Your GPS sent you there, didn’t it? Or it looked like an interesting road, an adventure in the middle of an otherwise normal day but it simply … ended, and the progress you made stopped with it. Now you’re lost. As in the new book, “The Cold Case Foundation” by Gregory M. Cooper and Thomas McHoes, it’s time to retrace your steps.

He thought it was a good idea to give a North Carolina prosecutor his honest opinion.

There were two murder cases that weren’t yet solved, and FBI profiler Gregory Cooper had told the man he thought the cases were linked. Then Cooper met with his unit chief, the very esteemed John Douglas, who told Cooper that, having spoken to the prosecutor, the case was now his. Cooper took the task seriously, and helped solve both cases.

In the U.S., the authors say, “more than 200,000 unsolved homicide cases” are waiting for solutions. Thousands of families are hoping for closure, even if it’s bad. Publicity helps shine light. Police departments “do the best they can,” but it’s often not enough and that bothered Cooper greatly.

In 2014, shortly after he’d retired from the FBI. Cooper took a handful of unsolved cases he knew about, and he started the Cold Case Foundation, a nonprofit organization now staffed by knowledgeable people who are passionate about the issue.
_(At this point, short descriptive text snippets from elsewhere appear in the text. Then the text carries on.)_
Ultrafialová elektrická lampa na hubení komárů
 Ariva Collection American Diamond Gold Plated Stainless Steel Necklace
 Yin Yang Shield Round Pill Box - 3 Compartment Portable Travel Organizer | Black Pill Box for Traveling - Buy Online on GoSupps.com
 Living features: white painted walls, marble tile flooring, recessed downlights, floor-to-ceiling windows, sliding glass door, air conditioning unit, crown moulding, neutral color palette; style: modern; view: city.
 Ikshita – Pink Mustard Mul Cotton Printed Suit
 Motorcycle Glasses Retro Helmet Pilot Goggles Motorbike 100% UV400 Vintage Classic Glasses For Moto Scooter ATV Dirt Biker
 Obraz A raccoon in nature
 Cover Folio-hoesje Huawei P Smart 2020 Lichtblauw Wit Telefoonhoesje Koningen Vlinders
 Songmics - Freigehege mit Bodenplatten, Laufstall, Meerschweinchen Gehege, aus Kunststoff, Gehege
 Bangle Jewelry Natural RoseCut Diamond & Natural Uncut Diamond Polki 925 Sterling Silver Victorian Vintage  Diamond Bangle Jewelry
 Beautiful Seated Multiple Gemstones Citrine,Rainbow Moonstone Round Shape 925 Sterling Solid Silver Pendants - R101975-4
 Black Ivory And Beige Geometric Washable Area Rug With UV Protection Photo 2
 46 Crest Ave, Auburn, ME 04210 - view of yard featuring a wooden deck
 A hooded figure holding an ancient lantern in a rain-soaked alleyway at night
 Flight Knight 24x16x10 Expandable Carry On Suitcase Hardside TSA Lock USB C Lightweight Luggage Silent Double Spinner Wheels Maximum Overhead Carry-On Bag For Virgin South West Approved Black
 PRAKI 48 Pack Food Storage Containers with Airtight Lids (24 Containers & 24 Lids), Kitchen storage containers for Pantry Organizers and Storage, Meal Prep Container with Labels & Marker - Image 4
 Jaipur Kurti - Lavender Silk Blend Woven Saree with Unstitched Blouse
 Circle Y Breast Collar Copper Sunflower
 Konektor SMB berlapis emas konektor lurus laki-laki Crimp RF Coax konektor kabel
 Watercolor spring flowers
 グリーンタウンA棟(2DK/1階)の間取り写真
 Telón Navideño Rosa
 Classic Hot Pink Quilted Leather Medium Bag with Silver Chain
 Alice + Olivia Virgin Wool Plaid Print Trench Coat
Here, among others, is a case of a murdered star football player; and that of two vulnerable young women in separate cities. The authors share a story of a newlywed, stalked; and that of a young mother whose bones went unidentified for years.

“In the United States alone,” the authors say, “there are more than 40,000 unidentified bodies … still lying in medical examiners’ offices across the country. That also means there are thousands of families ... wondering what happened to” missing loved ones.

As a procedural, “The Cold Case Foundation” is solid, riveting and real. It’s filled with hope and closure for families that sometimes wait decades for results.

Unfortunately, that authenticity is greatly marred by pages and pages of re-created and made-up dialogue, which inherently makes this somewhat of a fictional tale. Yes, authors Cooper and McHoes explain that one of their methods of cold-case solving is to imagine exactly how a crime happened, including conversations — but what’s in this book often extends way beyond methodology and into plain old-fashioned novel-like storytelling.

You may also notice a number of case-solutions that seem ridiculous in their simplicity, and at least one exciting account that ends so flatly you’ll wonder why it was included in the first place. Add in story omissions, repetition, sentences you’ll have to read twice, and head-scratchers that True Crime fans will spot quick, and, well, tackle this book if you will, but go in with eyes open. Initially, “The Cold Case Foundation” seems to hold such promise and it has its very good parts, but ultimately, it’s more of a dead end.